Mr. Beale and I saw “Iron Man” this weekend. Two thoughts:
1- This is not a kid’s movie! I don’t know what age is considered the appropriate audience for a PG-13 rating these days but surely it’s not the 6 and 7-year-olds that sat in back of us.
2- Are we a demoralized country or what?
"Iron Man" is the story of a rich defense contractor who learns rather late in life that his weapons don’t just kill “bad guys.” Tony Stark certainly isn’t the typical movie hero: for someone so blazingly smart he’s awfully stupid about a lot of things. For instance, he seems completely unaware that his weapons can and do fall into the wrong hands. Dude, pick up a newspaper for once, will you? Even worse, he’s blithely clueless about how a major defense contractor like himself fits into America’s foreign policy puzzle. It’s like he’s never heard of the MIC.
So I had a hard time buying Tony Stark as the hero. Certain elements of the whole arms-race issue struck me as pathetically sad, for instance, the scene where Stark tries out his new Iron Man suit and we see it has a special device that magically distinguishes civilians from bad guys. Give me a break, people. War is never this easy or clean, and the line between good guys and bad guys is a hazy one.

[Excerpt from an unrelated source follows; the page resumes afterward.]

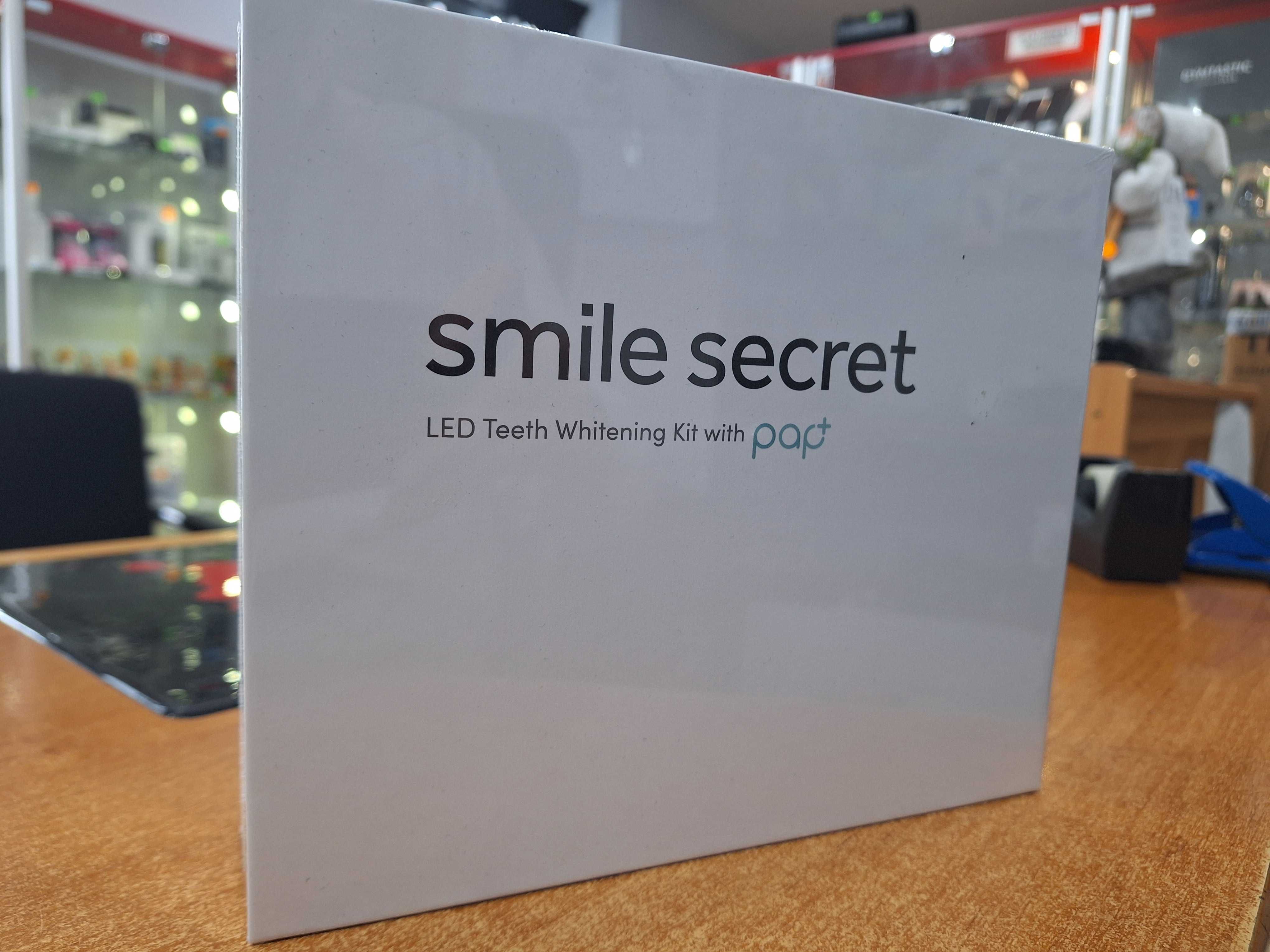 NOWA lampa do wybielania zębów Smile Secret LED USB zafoliowana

In fact, the movie never does resolve its central question, which is: if building bigger and better weapons isn’t the answer to our problems in the Middle East, what is? There’s an obvious answer to that, of course, but I don’t think a movie in which Tony Stark negotiates a peace deal with our enemies in Afghanistan and elsewhere would sell many tickets.

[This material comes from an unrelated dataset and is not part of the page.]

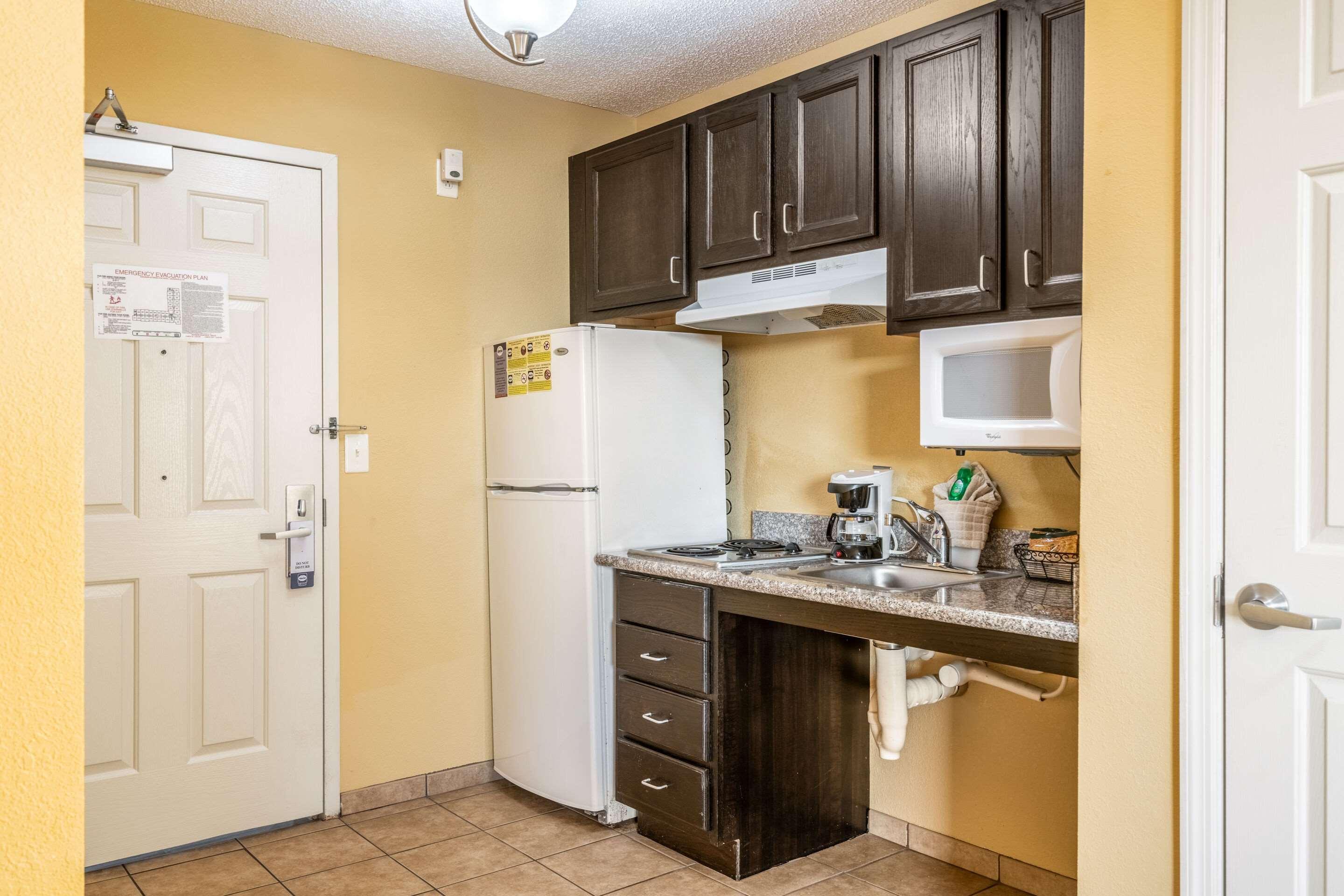 Suburban Studios Near Camp Lejeune Jacksonville Exteriör bild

Which brings me back to my second question: Are we a demoralized bunch or what? If you look at Hollywood as a cultural reflection of what’s happening in America, then it’s obvious this nation is desperate for a hero. Hollywood is happy to supply them for us this summer, in all sorts of shapes and sizes (but, sadly, not genders. Where action heroes are concerned, women still need not apply.)

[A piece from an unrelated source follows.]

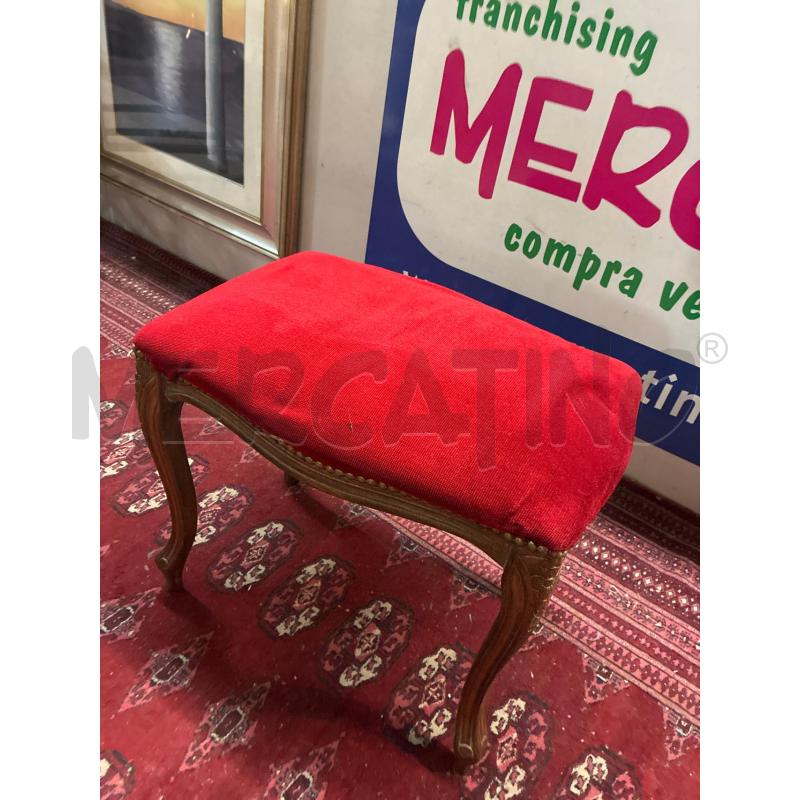 SGABELLO LEGNO 4 PIEDI SCIABOLA TESSUTO ROSSO | Mercatino dell'Usato Teramo 3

Iron Man started things off, but we have a new Indiana Jones movie, Will Smith as “Hancock,” Prince Caspian, and The Incredible Hulk all headed to movie screens this summer. That’s not including trusty stalwarts like Batman and James Bond, too. Surely one of these superheroes can save us!
It’s easy to see why we’re desperate for a hero. We’ve been let down in a hundred different ways, big and small: Hurricane Katrina, the Iraq War, Abu Ghraib, and warrantless wiretapping, not to mention sleazy sex scandals and corporate misdeeds. There’s the real estate meltdown and the mortgage crisis which has tattered our economy. All is not well, and it would be so much easier if someone in a Lycra suit could just swoop down and save us from this mess.
The problem is that this is the same thinking that got us into this mess to begin with. Remember, it was a tough-talkin’, swaggerin’ George W. Bush who promised to save us from the embarrassment of a presidential blow job last time around. He spoke all the right Hollywood lines about wanting Osama dead or alive. Remember “bring them on”? If there’s one thing we’ve learned over the past seven years it’s that Hollywood one-liners are no substitute for an effective foreign policy.
I know there are people who just want to “kick butt” and get on with it. They’ve got itchy trigger fingers and want to blow all the bad guys away. These are the same people who thought invading Iraq was a great idea, who bought that bullshit about how we’re “bringing democracy to the Middle East.” They are the same people who keep getting “terrorists” confused with “insurgents,” and who don’t know their Sunni from their Shia.
Well, grow up, people. You know, it’s bad enough that we have Congressmen and Supreme Court Justices acting like Jack Bauer is a real person. Story lines like this only feed that lizard brain element of the American psyche.
Here’s the thing: the world is complicated. Our relationship with other nations is complicated. America isn’t always the good guy, either. Things are not as easy as blowing the bad guys away and all our troubles are gone. This stuff is hard, and there are no simple answers.
We can no longer afford to indulge in this national fantasy life. There are no heroes coming to save us. We have to roll up our sleeves and do the hard work ourselves, people. That means educating ourselves about our world and this country’s place in it. That means taking the appropriate actions, not just in the voting booth but with our wallets too, with the choices we make every day. It’s not going to be easy or comfortable, in fact it may hurt. But there’s no other choice. The man in the Lycra suit isn’t going to save us because he doesn’t exist.
Because, you all know what a hero is, don’t you? It’s just a sandwich. Nothing more.